Tra il 1994 e il 1997, in nessuna Borsa Valori del mondo si verificò un attivismo
paragonabile a quello registrato presso il mercato azionario di Mosca. Supportato
dal sistema fiscale concepito in funzione di interessi riconducibili ai nuovi
rentier russi e al consorzio bancario anglo-statunitense che operava alle loro
spalle, il saccheggio delle immense ricchezze statali procedette a pieno ritmo
alimentando sia il gigantesco business del riciclaggio dei fondi del Fmi di cui gli
oligarchi avevano assunto il controllo, sia il deflusso di capitali e materie prime
fondamentali quali il plutonio. Come rivela Michael Hudson: «dal 1991, anno in cui
l’Unione Sovietica si è dissolta, il deflusso di capitali verso l’Occidente si è
attestato sui 25 miliardi di dollari l’anno. Ciò significa 500 miliardi di dollari
in 20 anni […]. Ancor prima della caduta dell’Unione Sovietica, Grigorij Lučanskij,
che lavorava per l’Università di Riga, aveva sfruttato l’istituto Nordex come
vettore per permettere ai vertici del Kgb e dell’esercito russo di spostare i
propri capitali illeciti fuori del Paese. Miliardi di dollari all’anno hanno
attraversato le varie banche lettoni negli ultimi 25 anni.
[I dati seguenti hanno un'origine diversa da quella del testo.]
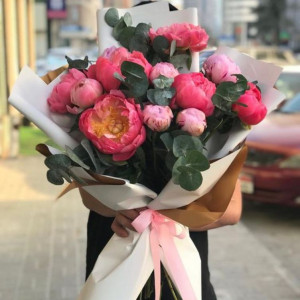 Букет 11 пионов микс с эвкалиптом и упаковкой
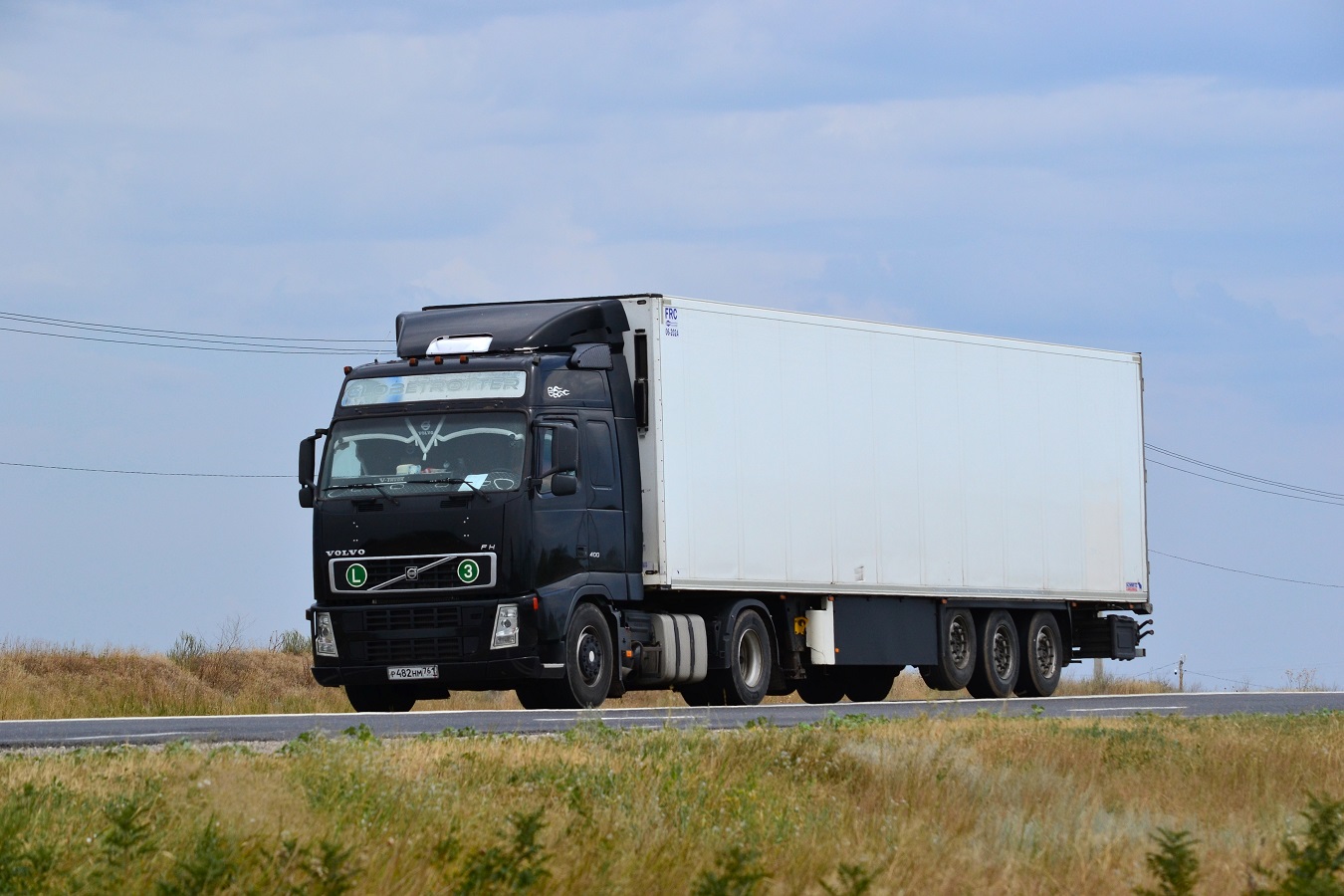 Ростовская область, № Р 482 НМ 761 — Volvo ('2002) FH12.400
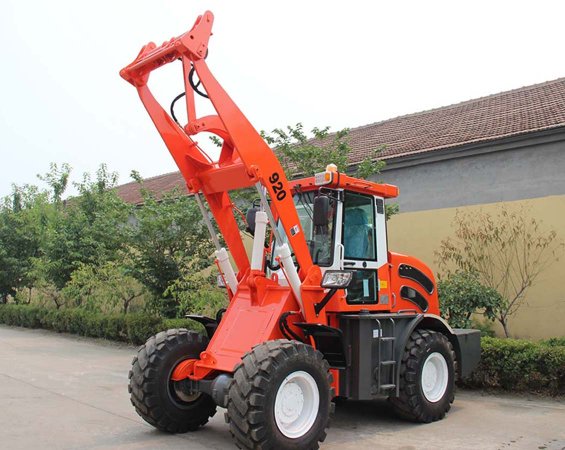 Колесный погрузчик ZL920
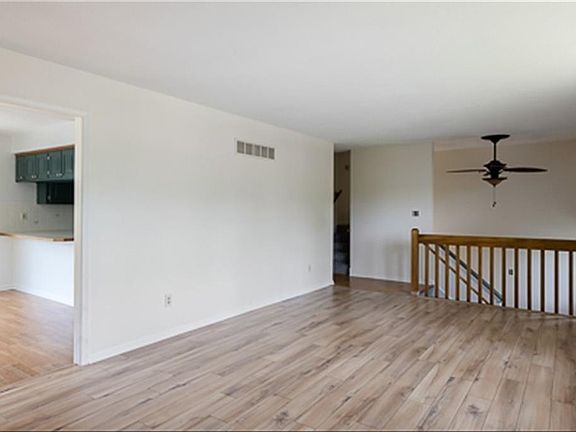 4th image of 11105 Georgia Ave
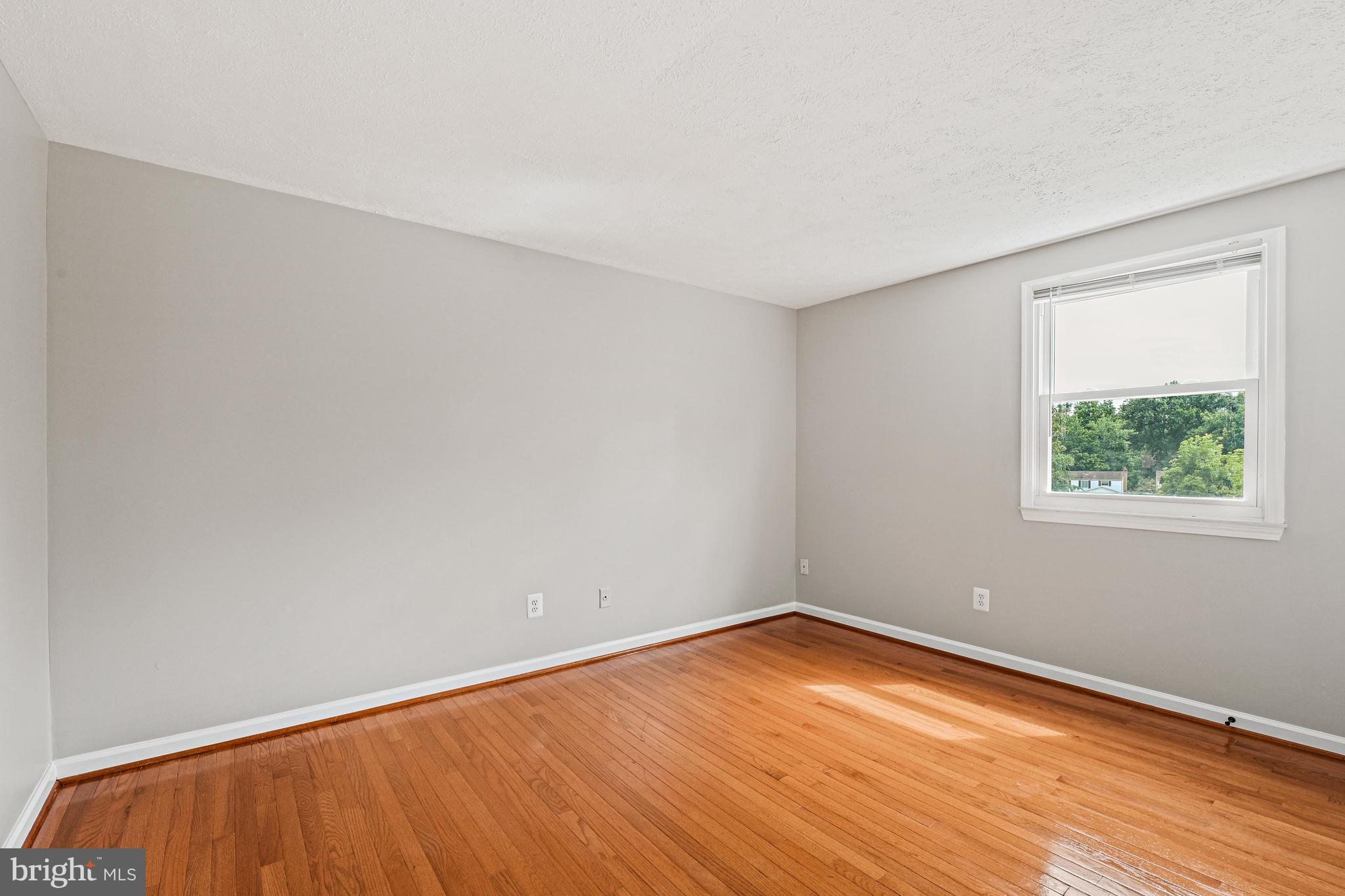 STARLIT PONDS - Residential Lease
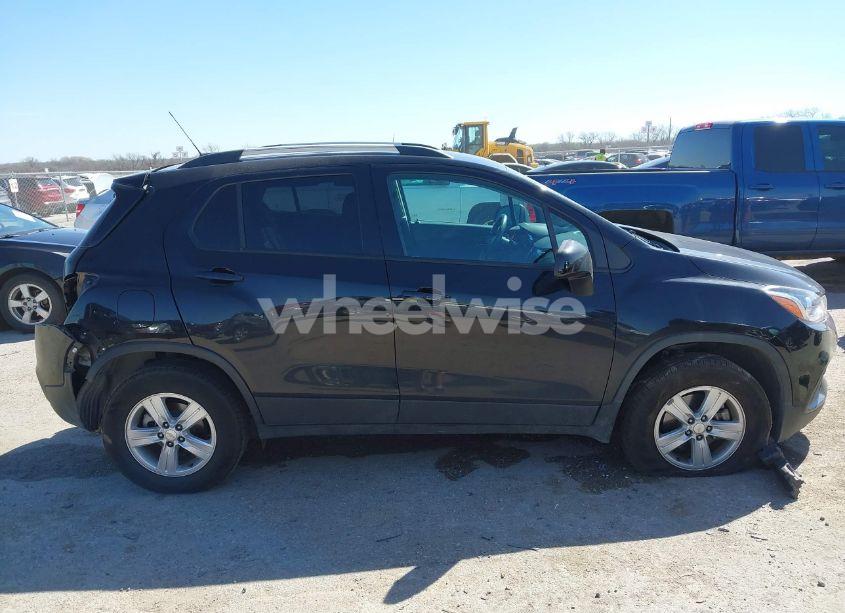 Photo 13 of 2021 Chevrolet Trax AWD LT (VIN KL7CJPSM0MB363232)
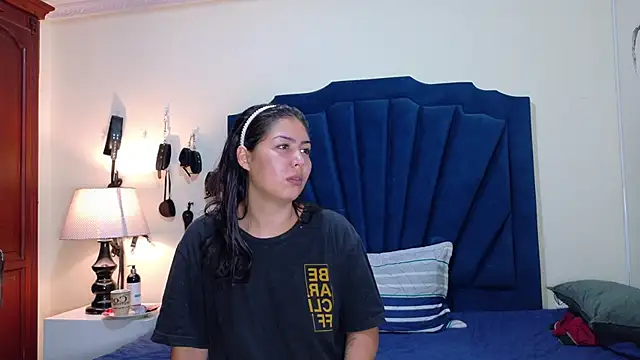 RoxyandAron2 online show from 05-02-26, 01:54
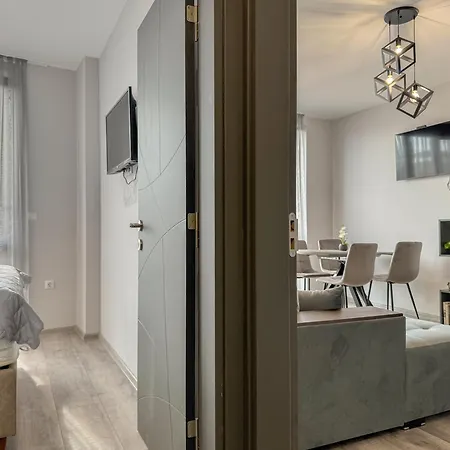 One-bedroom And Modern Apartmán *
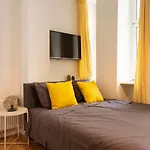 Lovely In The Near Of Kudamm Διαμέρισμα Βερολίνο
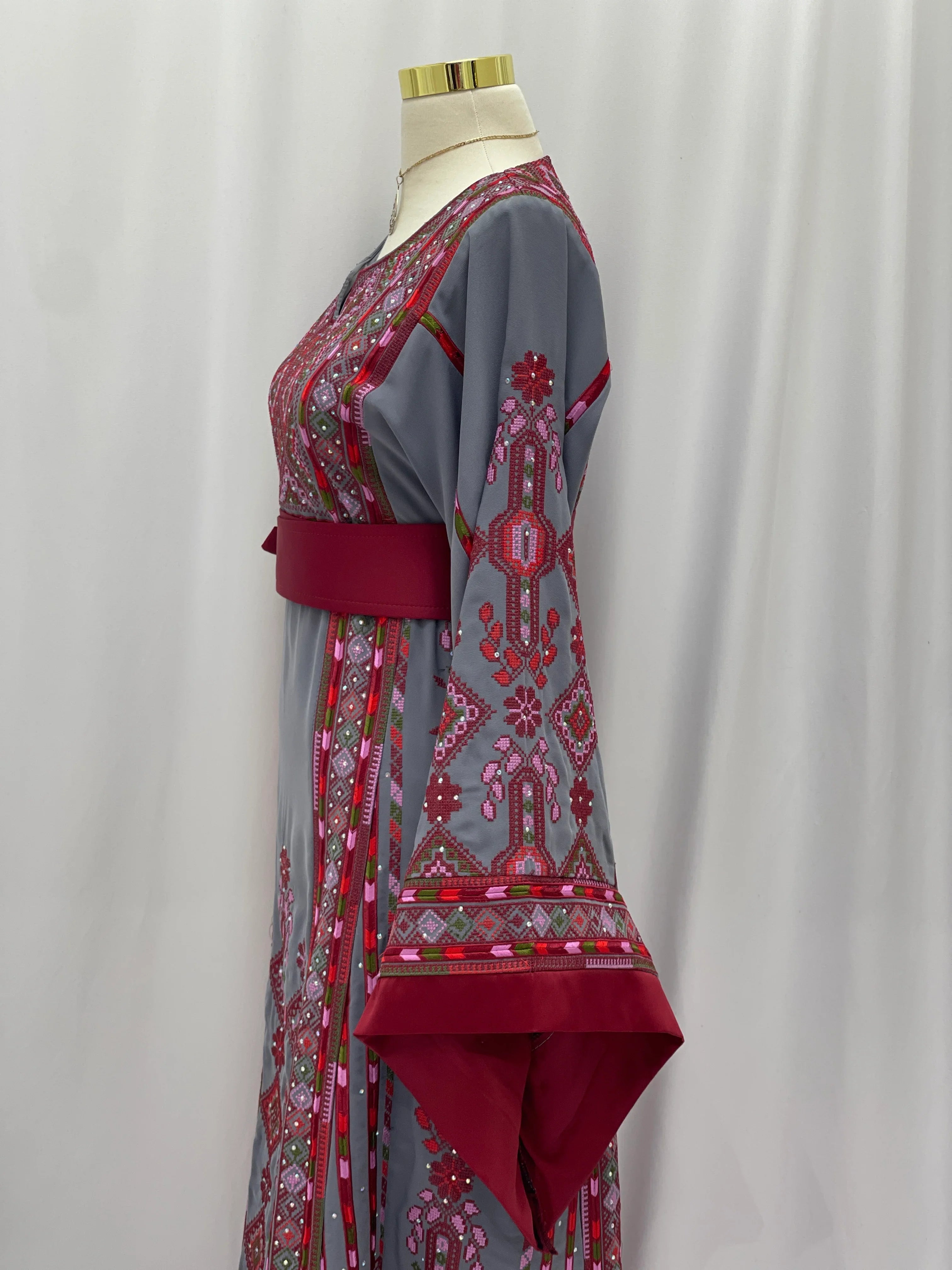 Majdal Elegance Embroidered Thobe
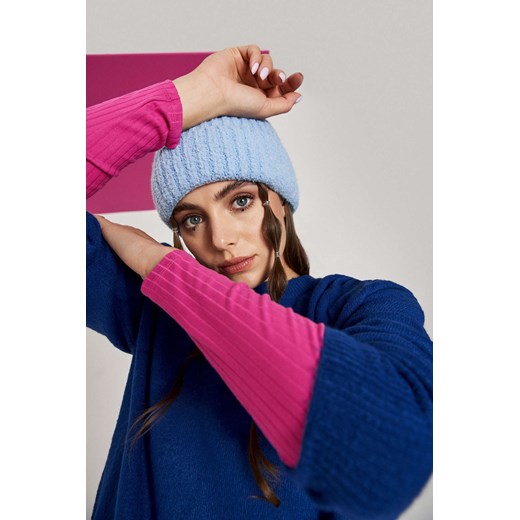 Błękitna czapka damska z prążkowanej dzianiny ze sklepu 5.10.15 w kategorii Czapki zimowe damskie - zdjęcie 169711611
La loro attività
principale è consistita nel ricevere i depositi russi e trasferirli in Occidente,
presso banche britanniche o del Delaware […]. Il fine ultimo delle banche lettoni
era quello di incoraggiare e gestire il deflusso di capitali della Russia verso
l’Occidente. Dal punto di vista statunitense, si trattava di un modus operandi
particolarmente adatto a prosciugare le ricchezze del nemico basato sullo
sdoganamento in Russia del modello di privatizzazione neoliberista dei servizi
pubblici, delle risorse naturali e delle proprietà immobiliari».